Exercise requirements - Beginning with the line below that contains "Europäische Wildkatze im" and ending with the line that contains "فروشگاه اردک فارم", copy every line exactly. Copy nothing else.

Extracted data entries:
>>>>>
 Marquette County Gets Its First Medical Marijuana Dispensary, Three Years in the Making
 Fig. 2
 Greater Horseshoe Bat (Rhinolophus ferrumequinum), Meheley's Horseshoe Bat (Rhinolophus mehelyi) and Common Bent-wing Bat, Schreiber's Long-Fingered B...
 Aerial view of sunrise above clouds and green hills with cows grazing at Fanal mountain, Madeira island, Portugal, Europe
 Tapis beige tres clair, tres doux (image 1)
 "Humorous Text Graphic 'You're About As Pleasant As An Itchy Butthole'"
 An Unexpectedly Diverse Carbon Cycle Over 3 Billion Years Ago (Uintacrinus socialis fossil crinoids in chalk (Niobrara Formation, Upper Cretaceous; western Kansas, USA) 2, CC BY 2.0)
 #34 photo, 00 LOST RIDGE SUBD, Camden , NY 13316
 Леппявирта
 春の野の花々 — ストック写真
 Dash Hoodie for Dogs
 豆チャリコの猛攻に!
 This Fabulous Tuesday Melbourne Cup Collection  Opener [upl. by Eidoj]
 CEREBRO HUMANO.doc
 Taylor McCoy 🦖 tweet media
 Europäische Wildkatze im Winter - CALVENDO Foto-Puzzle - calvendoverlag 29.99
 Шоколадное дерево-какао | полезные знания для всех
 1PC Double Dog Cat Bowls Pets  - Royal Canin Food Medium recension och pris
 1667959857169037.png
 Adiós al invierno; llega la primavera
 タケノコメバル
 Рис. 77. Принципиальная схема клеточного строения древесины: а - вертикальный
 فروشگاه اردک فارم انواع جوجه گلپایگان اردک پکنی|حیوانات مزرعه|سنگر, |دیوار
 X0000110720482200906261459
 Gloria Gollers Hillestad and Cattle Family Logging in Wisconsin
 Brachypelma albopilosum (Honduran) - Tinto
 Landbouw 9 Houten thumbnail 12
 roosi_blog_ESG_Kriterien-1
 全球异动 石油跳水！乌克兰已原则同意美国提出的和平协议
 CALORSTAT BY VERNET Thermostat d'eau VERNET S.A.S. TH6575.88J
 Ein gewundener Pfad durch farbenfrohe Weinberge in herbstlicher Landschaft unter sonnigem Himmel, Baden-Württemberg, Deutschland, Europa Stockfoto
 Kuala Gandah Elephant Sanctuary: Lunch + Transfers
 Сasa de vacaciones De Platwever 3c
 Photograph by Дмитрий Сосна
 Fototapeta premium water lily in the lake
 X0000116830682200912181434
<<<<<
Answer for the task -
 Europäische Wildkatze im Winter - CALVENDO Foto-Puzzle - calvendoverlag 29.99
 Шоколадное дерево-какао | полезные знания для всех
 1PC Double Dog Cat Bowls Pets  - Royal Canin Food Medium recension och pris
 1667959857169037.png
 Adiós al invierno; llega la primavera
 タケノコメバル
 Рис. 77. Принципиальная схема клеточного строения древесины: а - вертикальный
 فروشگاه اردک فارم انواع جوجه گلپایگان اردک پکنی|حیوانات مزرعه|سنگر, |دیوار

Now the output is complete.